Et, par conséquent, les importations en provenance de ce pays, l’un des partenaires économiques de la RDC, laissent un goût amer sur le porte-monnaie des ménages. Ceux-ci font remarquer que les produits d’importation made in China qui entrent au pays par l’Angola via le poste frontalier de Lufu dans le Kongo-Central sont de moins en moins visibles sur le marché. Conséquence : les prix ont flambé.
À Kinshasa, tout le monde le sait : c’est Lufu qui fait vivre la majorité des ménages en produits alimentaires.
D’ailleurs, la douane nationale (Direction générale des douanes et accises) espère de substantiels revenus sur les droits d’accises perçues à l’importation sur les produits alimentaires, les boissons alcooliques et celles alcoolisées, ainsi que sur d’autres produits qui entrent par Lufu.
Depuis une dizaine d’années, l’activité débordante dans cette localité du fait du passage des produits (alimentaires, électroménagers, boissons, carburant, ciment, barres de fer, etc.) importés a largement contribué à résorber le chômage à Kinshasa et assure le gagne-pain et la scolarité des enfants à plusieurs foyers en RDC.

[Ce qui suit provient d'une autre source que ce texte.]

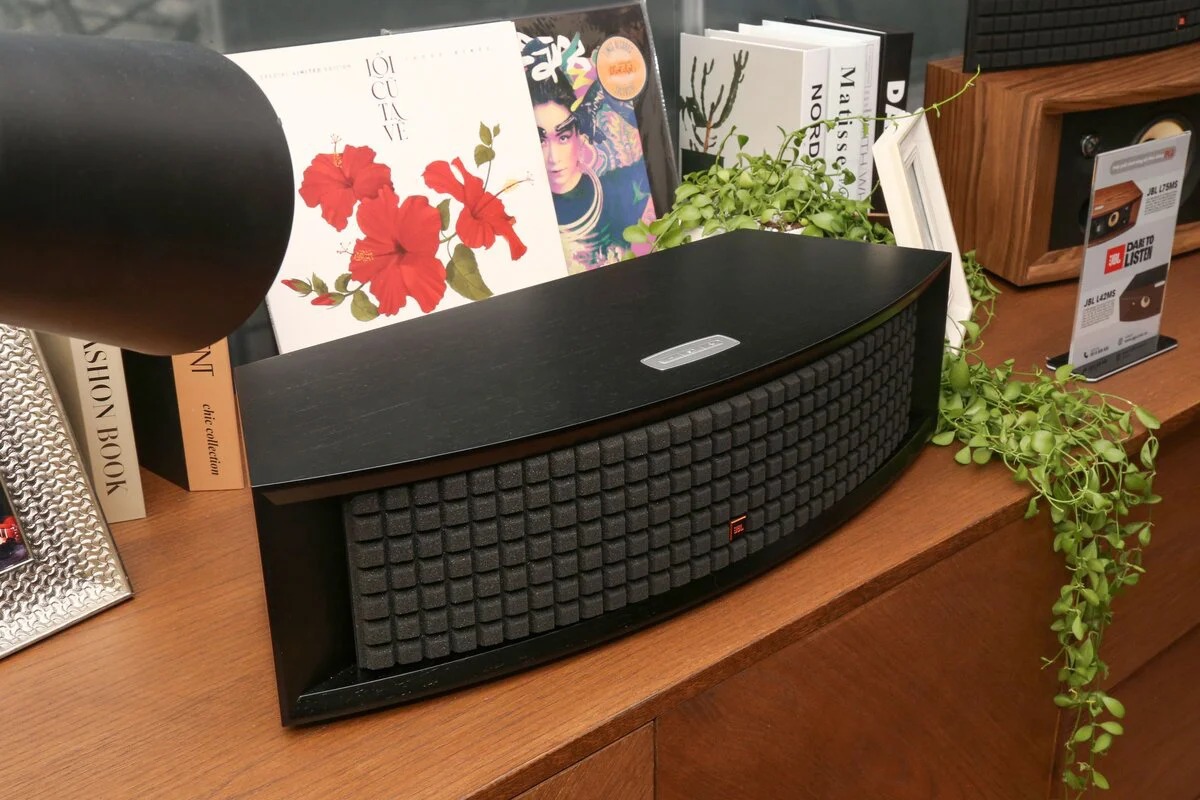 Loa JBL L42ms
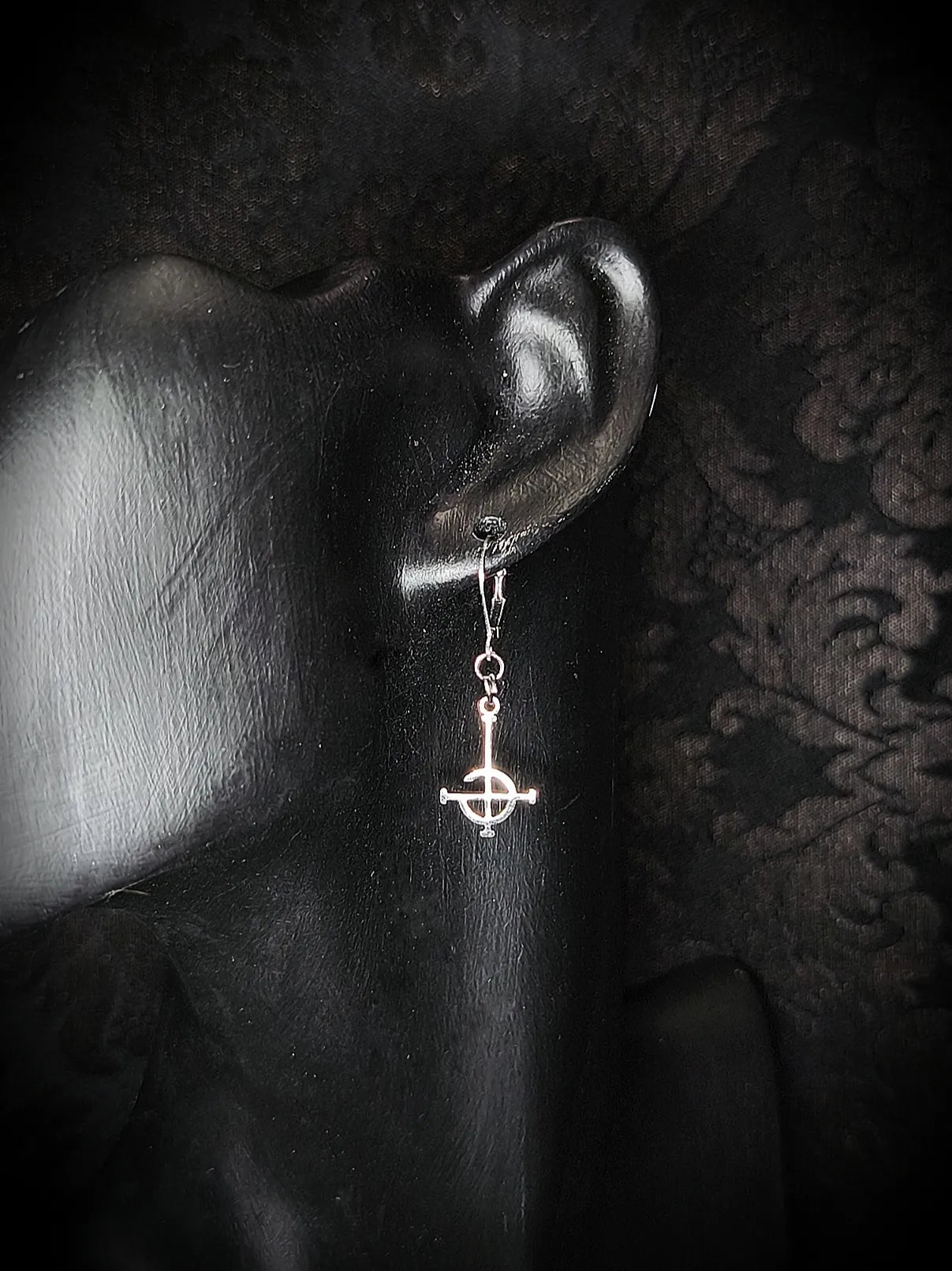détail du Grucifix des boucles d'oreilles inspirées du groupe Ghost
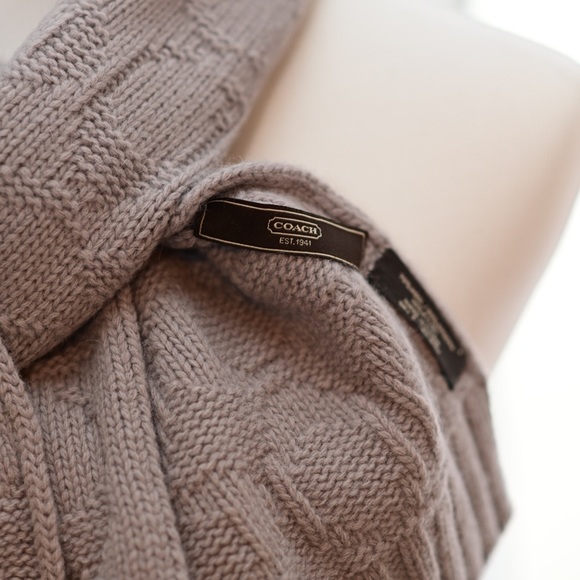 Coach Scarf - Picture 4 of 4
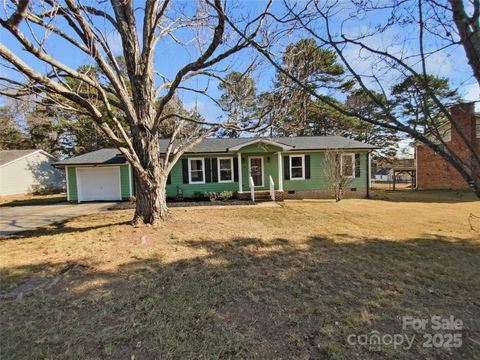 Photo of 506 Queens Gate Drive, Kannapolis, NC 28083 (MLS # 4327329)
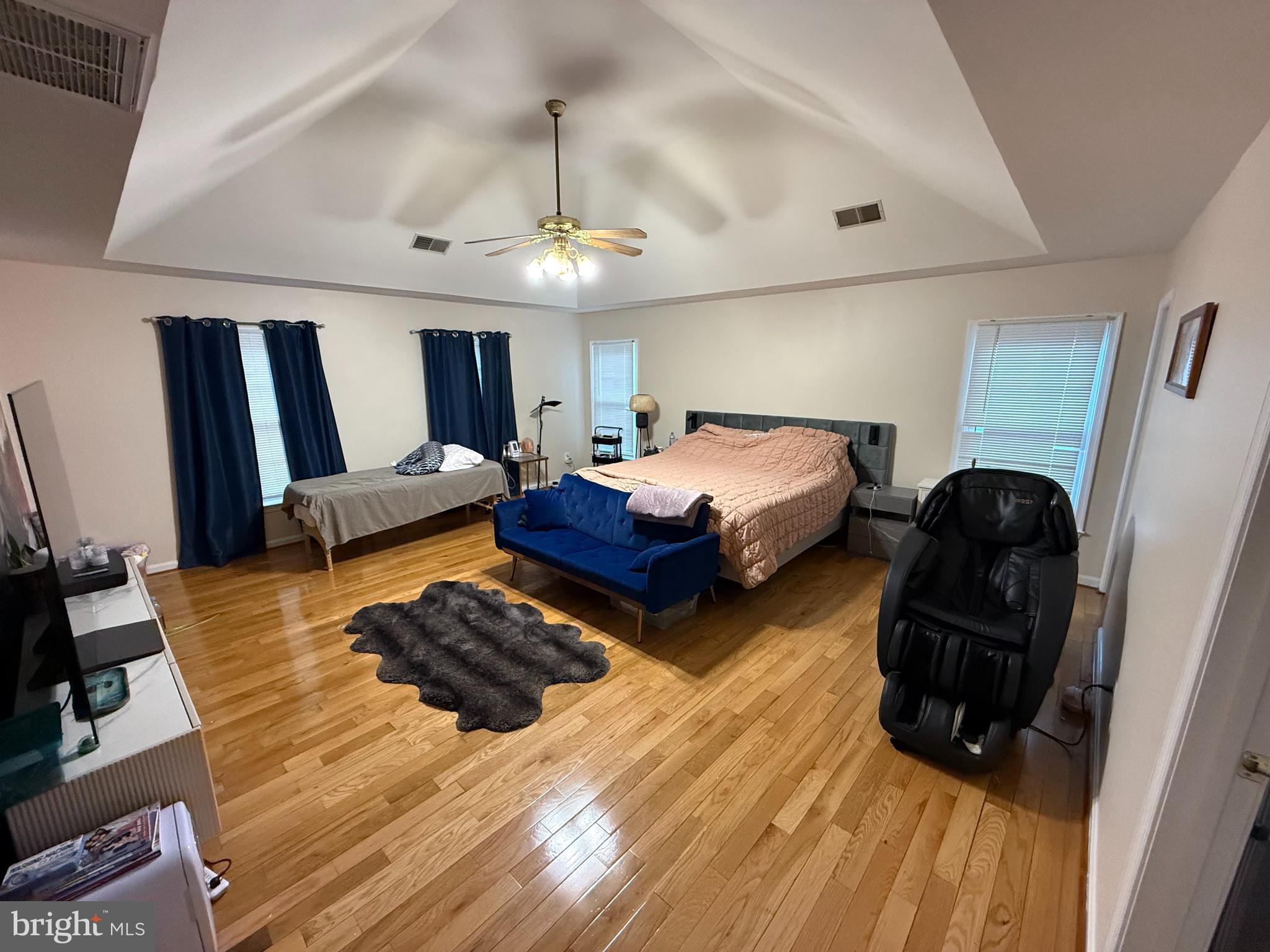 CROSSPOINTE - Residential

En décembre 2018, année de l’élection présidentielle, beaucoup de ménages ont cru en l’alternance politique au sommet de l’État. Mais, une année après, des consciences ont commencé à déchanter. En tout cas, beaucoup de ménages font part de leurs difficultés à faite face à la conjoncture économique, même si la gratuité de la scolarité au niveau de l’enseignement de base a permis à plusieurs d’alléger le poids du budget familial consacré à l’éducation, et de réaffecter à d’autres rubriques.
Avec la hausse effrénée des prix sur le marché, explique une dame de 65 ans, employée dans une entreprise privée, il devient difficile d’investir pour le foyer. « Tout ou presque est absorbé par le panier de la ménagère qui s’amenuise au jour le jour. Avant, on nous disait que cela était dû à la dépréciation de la monnaie nationale. Mais aujourd’hui, elle est stable ! », râle-t-elle.